The Roxbury House — or just “The House,” as it’s called by those investigators most intimately familiar with the strange goings-on documented over the decades on its grounds — is supposedly located somewhere in central Vermont. Not Roxbury, itself, of course; that would make the house too easy to find. But somewhere around there, up a disused track, shrouded in a stand of old growth forest, or down in a hollow in the rolling, ancient Green Mountains, is the House.

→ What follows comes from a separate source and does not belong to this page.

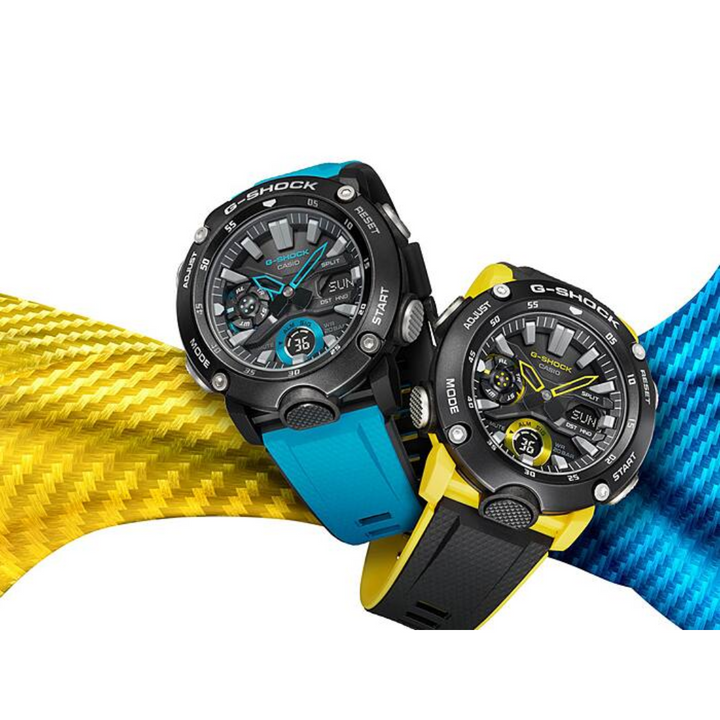 CASIO G-SHOCK GA-2000-1A2DR STANDARD ANALOG-DIGITAL BLUE BLACK WATCH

Judging by its outward appearance, the Roxbury House would fit seamlessly into any B grade movie filled with ghosts, spooks and poltergeists. Any of the half dozen or investigators privileged enough to have studied the structure and its phenomena, though, will assure you that whatever’s going on here, it has nothing to do with the dearly departed.

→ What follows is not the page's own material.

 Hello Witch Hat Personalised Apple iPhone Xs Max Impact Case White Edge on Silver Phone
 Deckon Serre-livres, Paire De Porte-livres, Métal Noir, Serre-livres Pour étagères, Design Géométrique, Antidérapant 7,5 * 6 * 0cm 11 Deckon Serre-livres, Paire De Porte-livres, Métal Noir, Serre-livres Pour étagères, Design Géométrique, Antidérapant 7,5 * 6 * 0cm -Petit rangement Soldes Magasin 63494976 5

No flying crockery or slamming doors plague the House’s residents. They do, however, have a near-constant reminder that their home is shared otherworldly residents. Any time between sunset and sunrise, an observer can catch sight of shadowy silhouettes, two dimensional but seemingly floating through mid-air without an object nearby to cast a shadow. The Roxbury House has possibly the most perfectly aligned case of shadow people ever recorded.
One of the typical characteristics of a shadow person sighting is the apparition doesn’t line up with our world, as it were. Figures pass through walls as though the wall didn’t exist, suggesting that if this silhouette were a real entity as we understand the term “real,” it might be living in a physical world overlapping with our own in such a way that we can see the entity’s shadow, but not the inanimate matter around it.

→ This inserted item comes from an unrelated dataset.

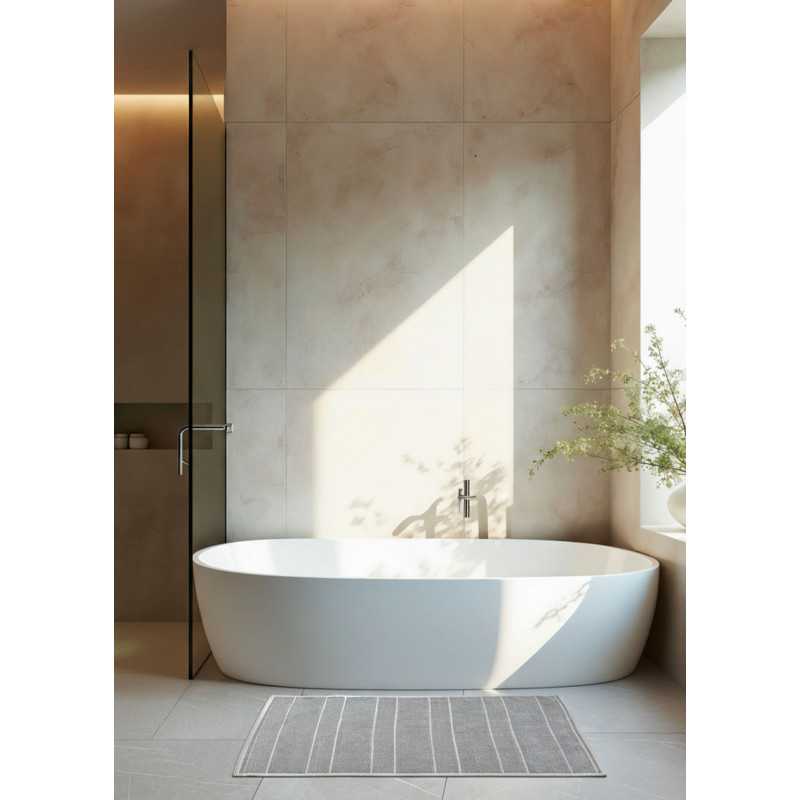 copy of Tapis salle de bain taupe MYKONOS 01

In the House, however, the movements of the shadow people line up perfectly with the doors, walls and windows. They stroll down the hallways, climb the stairs and even putter in the kitchen with a disturbing similarity to flesh and blood and humans, barring their two dimensionality, insubstantiality and, of course, attendant cold spot phenomena.
The shadow people inhabiting the House are always accompanied by cold spots, zones of inexplicable chill that move with them around the House. Regardless of the local temperature, whether the wood stove is lit or not, a shadow person is always significantly cooler, by twenty or more degrees. Touching the silhouette of a shadow person is always a shock, but usually one has warning that it approaches, as the local temperature gradually cools. A shadow person almost seems to absorb heat as it moves around the House. Even in the day time, when shadow people aren’t normally visible, the rise and fall of temperatures seemingly at random — although they have their own morning and evening routines, which fall into that realm of odd comfort other haunted residents experience; “Oh, that was George the ghost slamming the toilet lid” — can be more eerie than seeing the shadow person outright in the dark hours.